Some of the advice may be absolutely accurate in another state. Still other advice is outdated, perhaps based on an obsolete part of US income tax code, or is misinterpreted in such a manner as to be financially dangerous. These bits and pieces of advice often morph in the telling, gaining the stature of a new "urban myth", with people swearing that they know that their factoid is absolutely true.
Some of this information can cause the divorcing person to make some drastic mistakes that can affect them for years to come. These unpaid advisors and cheering squads, with the very best of intentions, often urge their divorcing friend or loved one into very short-sighted courses of action, with the result of damaging any future relationship with the spouse, or sacrificing their future retirement to get revenge, or for other short term purposes.
Some of the most common myths, mistakes and myopia are often easily corrected if done ahead of time and prior to the divorce being finalized or a settlement document being signed.
MYTH - Inheritances are considered to be a part of marital property
In Colorado, inherited property or that received by gift, if not commingled with marital funds, is generally considered separate property. However any gain on the inheritance during the time of the marriage may be considered to be marital property, and thus subject to division during the divorce. For example, if you inherited or brought into the marriage a brokerage account worth $50,000, unless you put your spouse's name on the account or transferred some of the funds into a joint account (or used the funds to purchase an item for the enjoyment of the spouse and family), only the gain (if any) should be subject to division during the divorce.
MYTH - IRA rollovers from one spouse to another are taxable and subject to the 10% penalty for early withdrawal
This could be true, but if done correctly, the transfer may not be taxable, and possibly, the 10% early withdrawal penalty can be avoided. For example, if the divorce decree specifies that one spouse transfer part or all of his/her IRA to the other spouse, AND the rollover occurs from the transferring IRA custodian to the spouse's receiving IRA custodian, the transfer is not a taxable event, nor is a 10% penalty invoked. A spouse receiving the IRA account may choose to take some or all of the funds in cash. If done within IRA 72T guidelines, the amount received in cash is taxable, but no 10% penalty is incurred.
MISTAKE - The value of a defined benefit pension, such as a PERA or a Civil Service Pension is the amount contributed by the employee spouse
These and other "old fashioned" pensions, are often worth far more that the contributions by the employee, and often have a cost of living adjustment for retirees.
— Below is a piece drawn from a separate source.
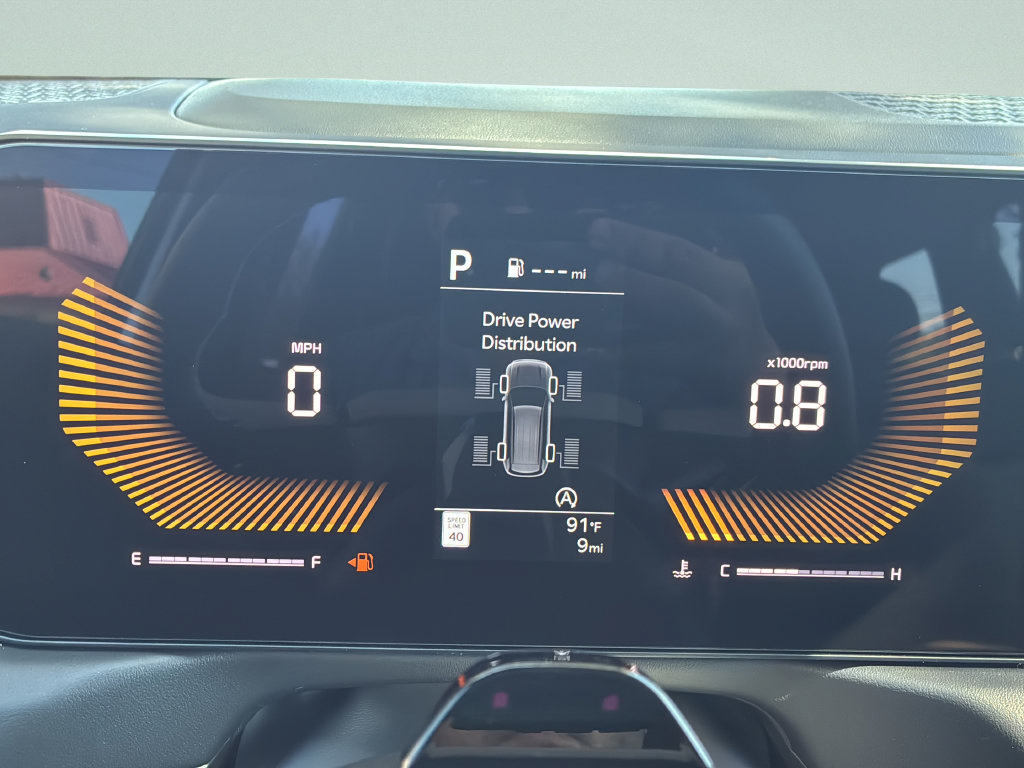 New 2027 Kia Telluride EX AWD/4WD image 33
The best way to obtain the value of these kinds of pensions is to have a professional pension valuation performed. Often one spouse has a large value tied up in his or her pension, and if the pension is not divided, other assets must be used to compensate the non-pension spouse.
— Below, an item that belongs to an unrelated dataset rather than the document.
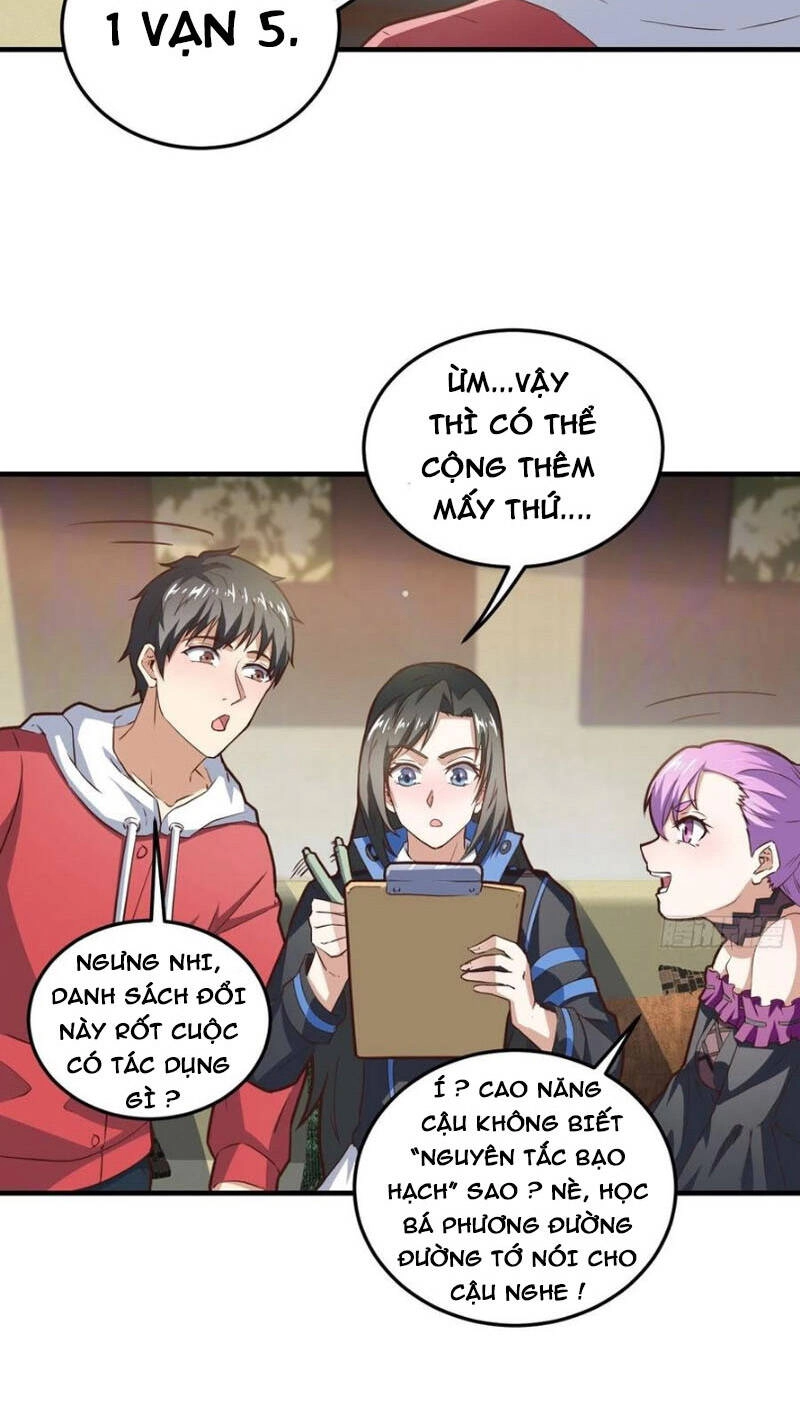 Cao Năng Lai Tập Chapter 195 - 33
MISTAKE - Having fun with the divorce proceeds
Some divorcing people view the receipt of funds received as a result of divorce as a lottery winning, or as manna from heaven. They feel as if they have earned the settlement proceeds, and spend it as soon as they get it. Friends and family also may inappropriately encourage their loved one to enjoy themselves, and go ahead and spend. Taking a cruise or taking the children to Disney World may sound great, but in the long run, it often is not the best use of such funds. Until a person has a solid financial plan for utilizing the money, and has established a good financial footing, it is often unwise to spend money that can be used to build for a comfortable future.
MYOPIA - I just need extra money today I don't care about the future
Many people are so anxious to get through the divorce process that they will settle for any proposal that appears OK to them. Still others will agree to receive cash today, even if receiving part of other assets, such as IRA funds, would make more sense in the long run. Sometimes retirement funds are worth their proverbial weight in gold. They grow tax deferred, and the penalties for early withdrawal help discourage people temporarily short on cash to dip into the retirement funds. Having an IRA grow for ten, twenty or even thirty years can make a huge difference in a person's ability to retire.
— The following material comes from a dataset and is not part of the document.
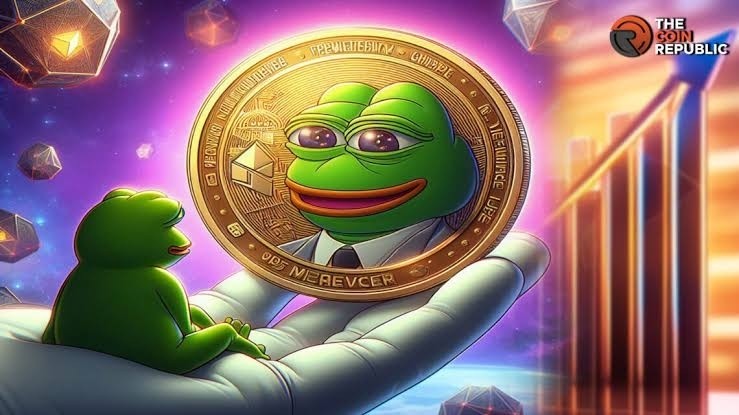 PEPE 在关键阻力位遭遇拒绝后暴跌 memecoin 能够反击吗？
MYOPIA - Keeping house as a retirement plan
One of the divorcing couple often wants to keep the house. They may be very attached to it, they may not want to uproot their children, or it might not be a good time to sell or refinance the house to buy out the other spouse. Nevertheless, keeping the house may not be the very best idea. Sometimes the house is too big, too expensive, and too difficult for the spouse to maintain. As a "retirement plan", the house is often a money pit. As it grows older, the value may not increase as much as the owner predicted. After calculating long-term maintenance and selling expenses, the person may actually have a negative balance, compared with other investments. A better approach for many would be to sell the house and buy something more affordable; as their income improves, they may be able to trade up to another house or another location, should they wish to do so.
Like many topics, a myriad of inaccurate information abounds about divorce. I have found that accurate knowledge is a divorcing persons best ally to avoiding some of the nastiest errors. Take classes, read books and articles, and work with knowledgeable and reputable experts helps people to weather this complicated and emotional time. People should always review decisions they are making to include the long-term ramifications, in addition to the short run benefits.
Colorado uses a Schedule of Basic Child Support Guidelines, which is calculated on the incomes of both parents and the cost of day care. In Colorado, child support must be paid until the minor child reaches the age of 19, or graduates from high school, whichever comes later. The court may also require that the parent pay for college after age 19, but these payments will not be made to the parent with whom the child lives. Instead, child support payments after age 19 go to the child or the college.